═══ MATERIAL FOR THE TASK ═══

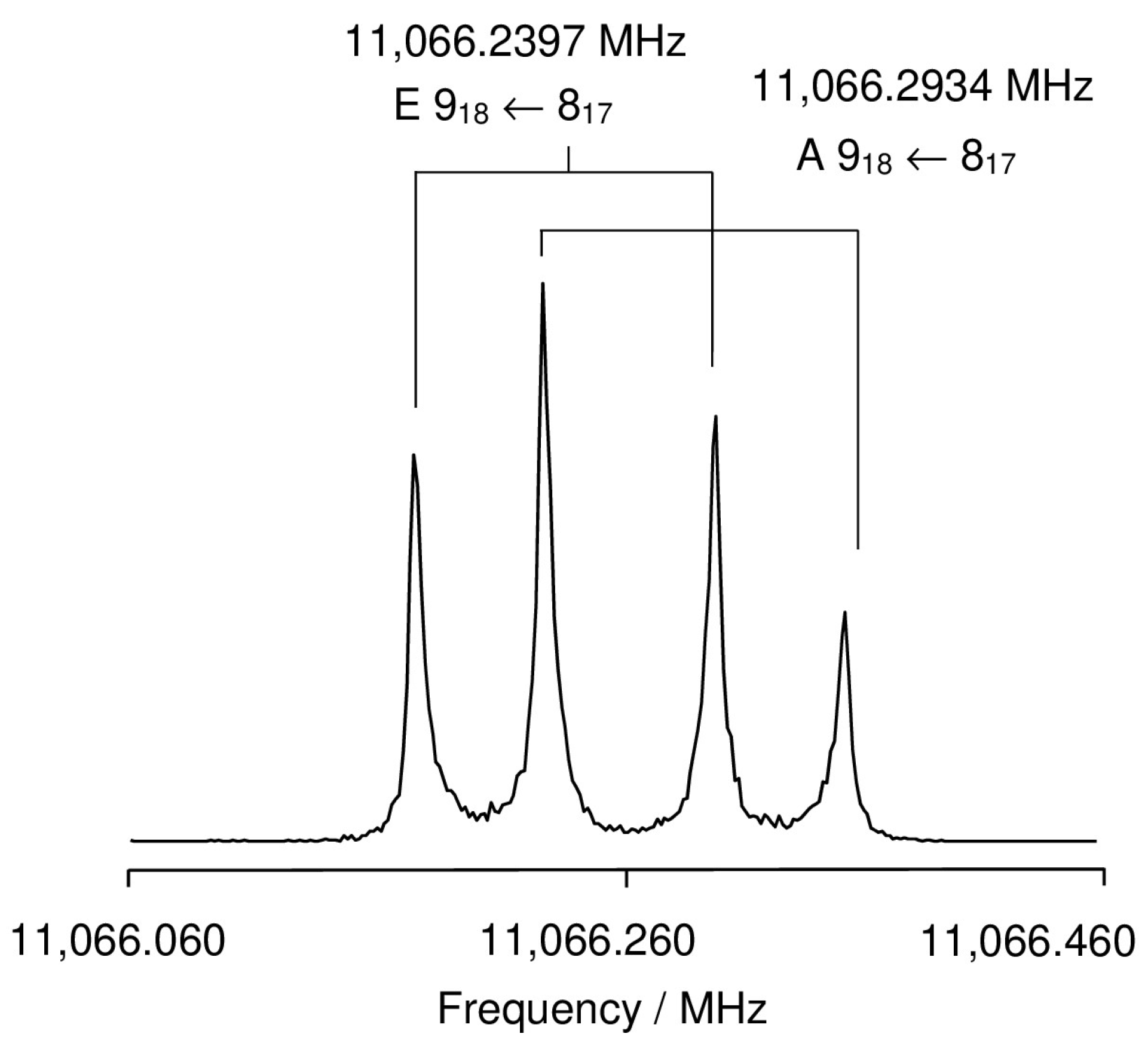 Molecules 27 02639 g003 550
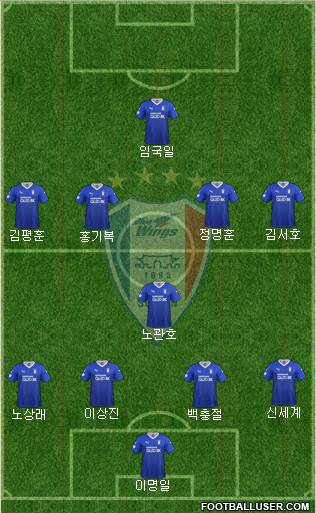 Suwon Samsung Blue Wings Formation 2021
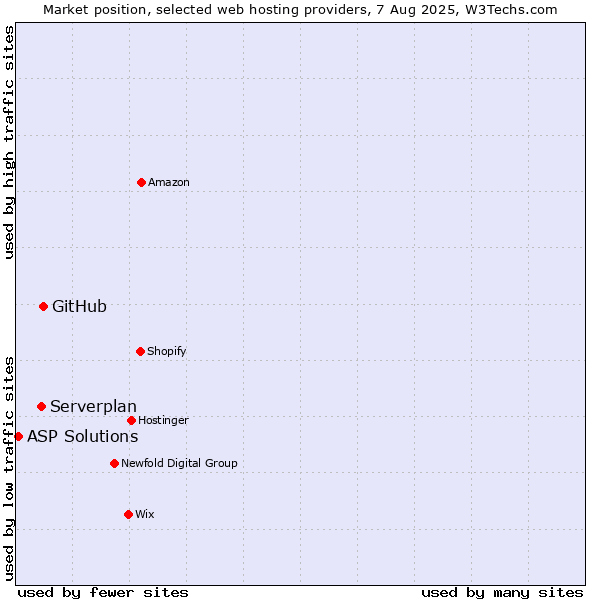 Market position of GitHub vs. Serverplan vs. ASP Solutions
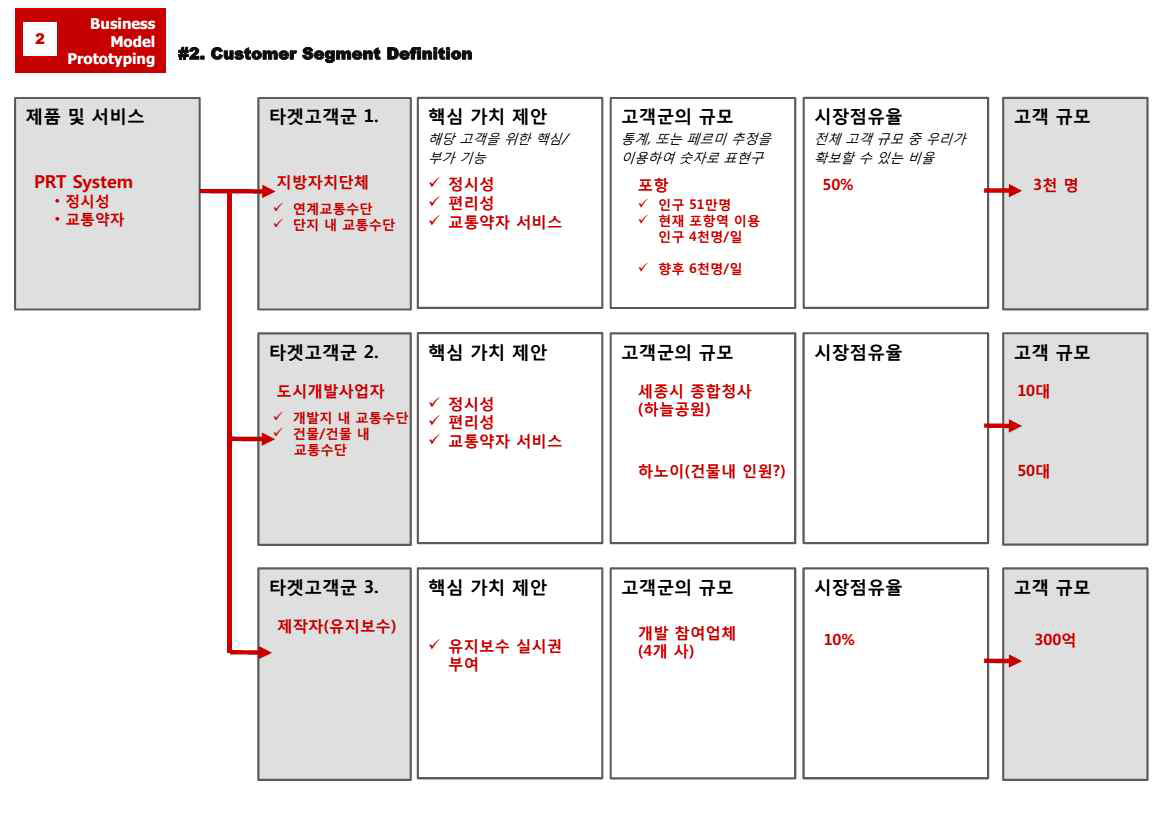 고객 세그먼트 정의 – PRT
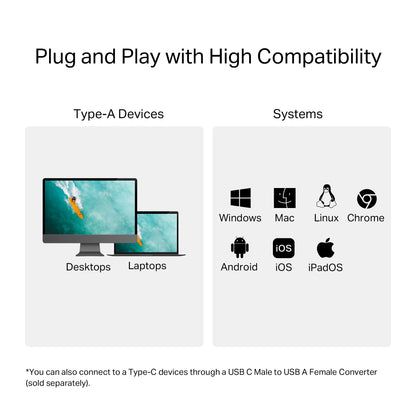 UA430 - USB 3.0 Type-A to SD & microSD 3.0 讀卡器 Card Reader (雙卡同時讀取/寫入)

═══

> WORK ITEM
From the first line to the last, retype the data exactly, without images.

> RESPONSE TO THIS EXERCISE
 Molecules 27 02639 g003 550
 Suwon Samsung Blue Wings Formation 2021
 Market position of GitHub vs. Serverplan vs. ASP Solutions
 고객 세그먼트 정의 – PRT
 UA430 - USB 3.0 Type-A to SD & microSD 3.0 讀卡器 Card Reader (雙卡同時讀取/寫入)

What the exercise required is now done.